Annoy Your Opponents By Shutting Down Their Triangle Chokes Early

Last updated on 05.05.2022 by

If you want to become a master of triangle escapes, you have to understand how to do a triangle choke. Without this understanding, any lessons on escape are devoid of context and are ultimately doomed to fail against a determined opponent. This article will give you a basic understanding of this powerful choke – and thus the tools to defend against it!

My Journey From Triangle Hater to Triangle Believer

I always thought that the triangle choke was not for me. I knew how to do it, but I had fallen prey to the common (and incorrect) notion that people with short legs should focus their efforts on other submission holds. Little did I know that triangles, of all shapes and sizes, would become the staple of my BJJ. 

The full story of my triangle journey is something I’ll leave for a different occasion. The point I wanted to make was that 9 years down the road from that initial thought about my “incompetence” to execute triangle chokes, I finally understood the submission! 
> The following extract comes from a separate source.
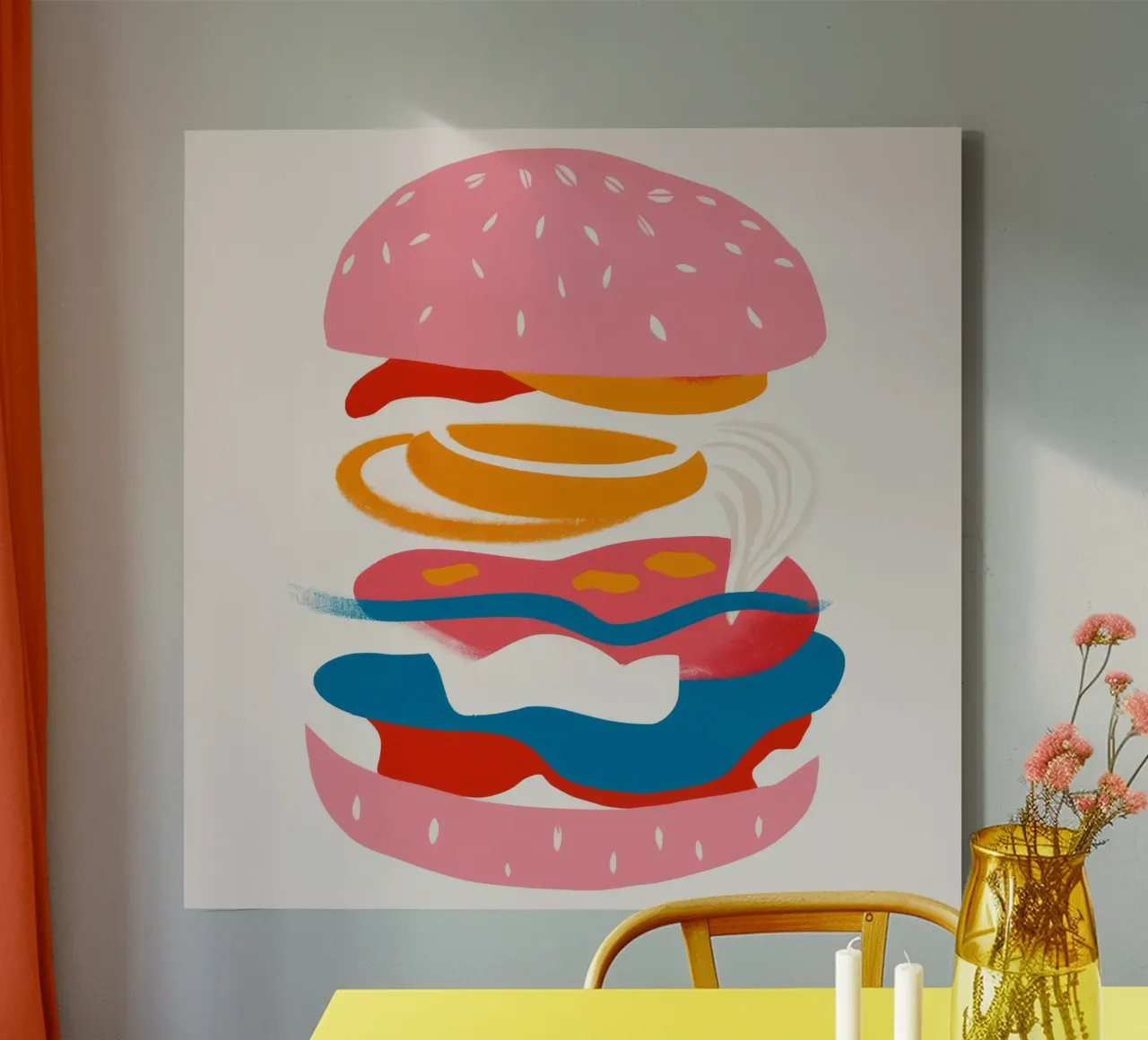 Sogno di un hamburger galleggiante tela con Cornice a cassetta da Muse Artworks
The triangle choke has now slowly turned into my favorite way of not just finishing, but also torturing people I roll with. Evil I know, but we all have to work through our traumas somehow.
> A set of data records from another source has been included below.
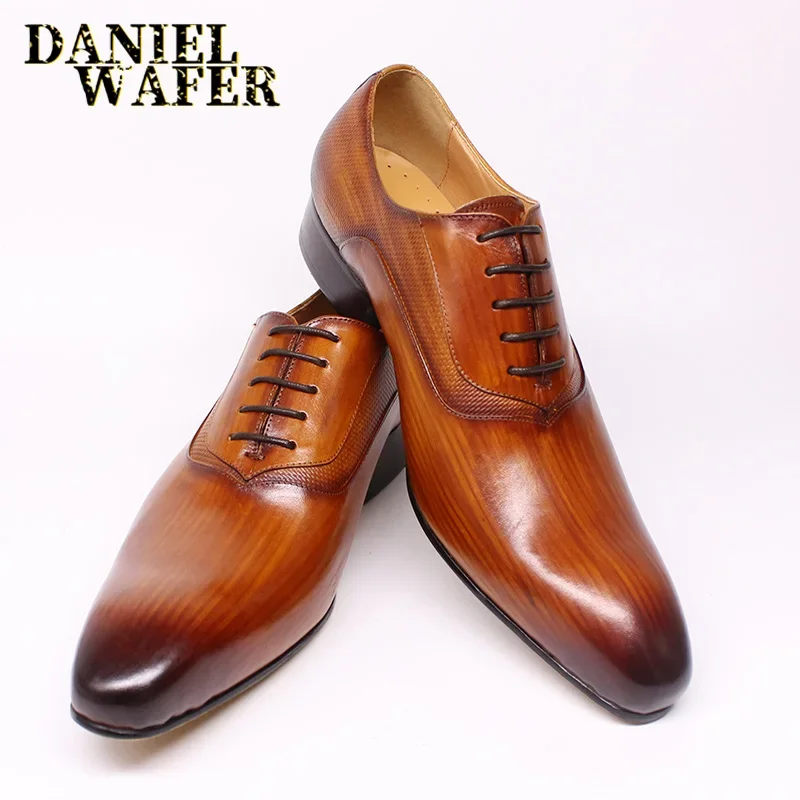 Elegant Men’s Leather Oxford Shoes – Perfect for Wedding & Office Wear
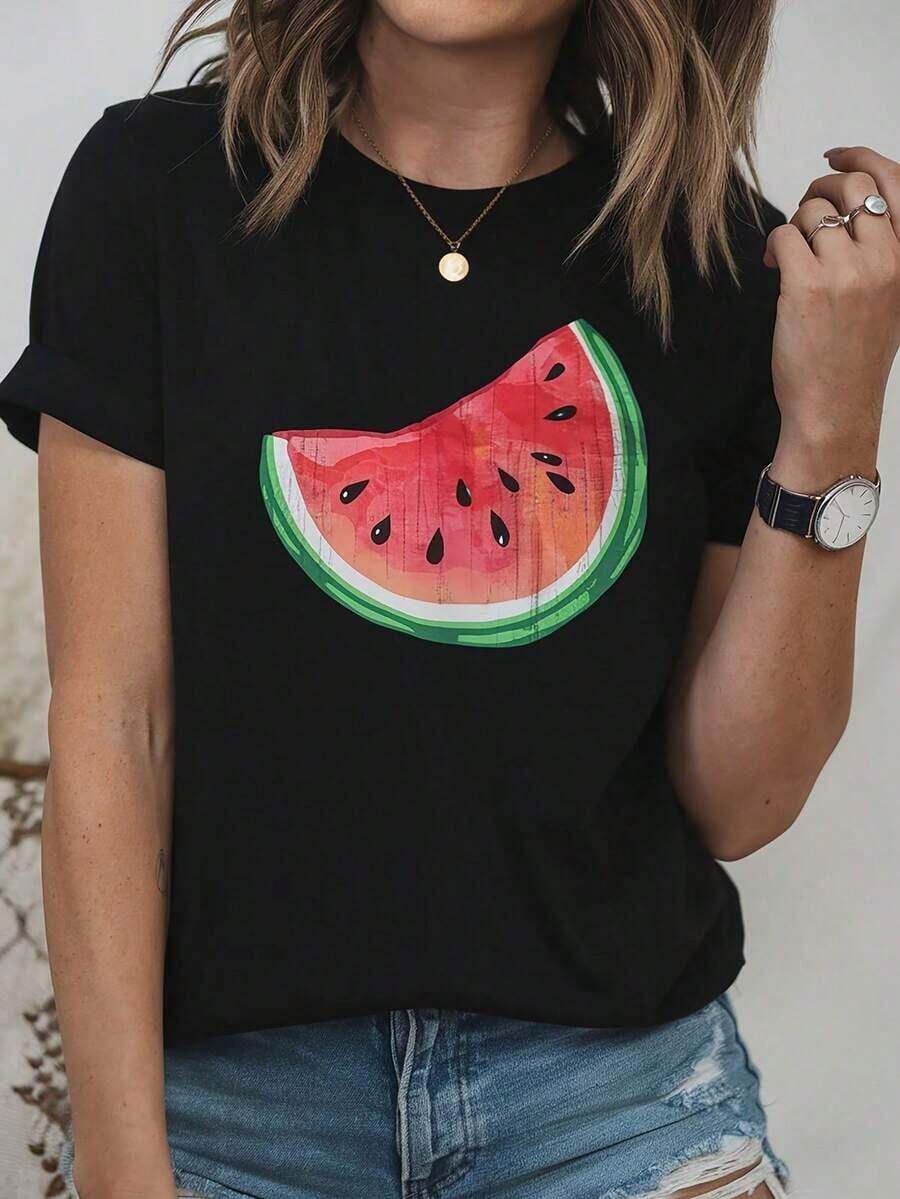 Designed For Modern, Stylish, And Comfortable Women. Women's Oversized Watermelon Print T-Shirt. | Summer Short-Sleeve Crew Neck T-Shirt With Seedless Fruit Slice Design, Casual Black And Pink T-Shirt For Beach, Picnic, Casual Wear - Loose And Breathable Fruit-Themed T-Shirt, Made With Premium Soft And Breathable Fabric, Designed For All-Day Comfort And Versatile Everyday Wear, Perfect For Casual Outings. - 黑色 - 查看 1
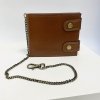 Pánská hnědá kožená peněženka s řetízkem ROYAL Leather s monogramem (ražba)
You see, my avoidance of the choke as an attack, meant that I never understood the inner workings behind it. Conversely, my ability to successfully defend a triangle, especially once it was fully locked, was non-existent. As a result, I think I have tapped more to triangle chokes than any other submission in Jiu Jitsu. 

The moral of this short (and perhaps sad) story is that understanding how a submission hold works is the first step on your journey to learning how to defend it.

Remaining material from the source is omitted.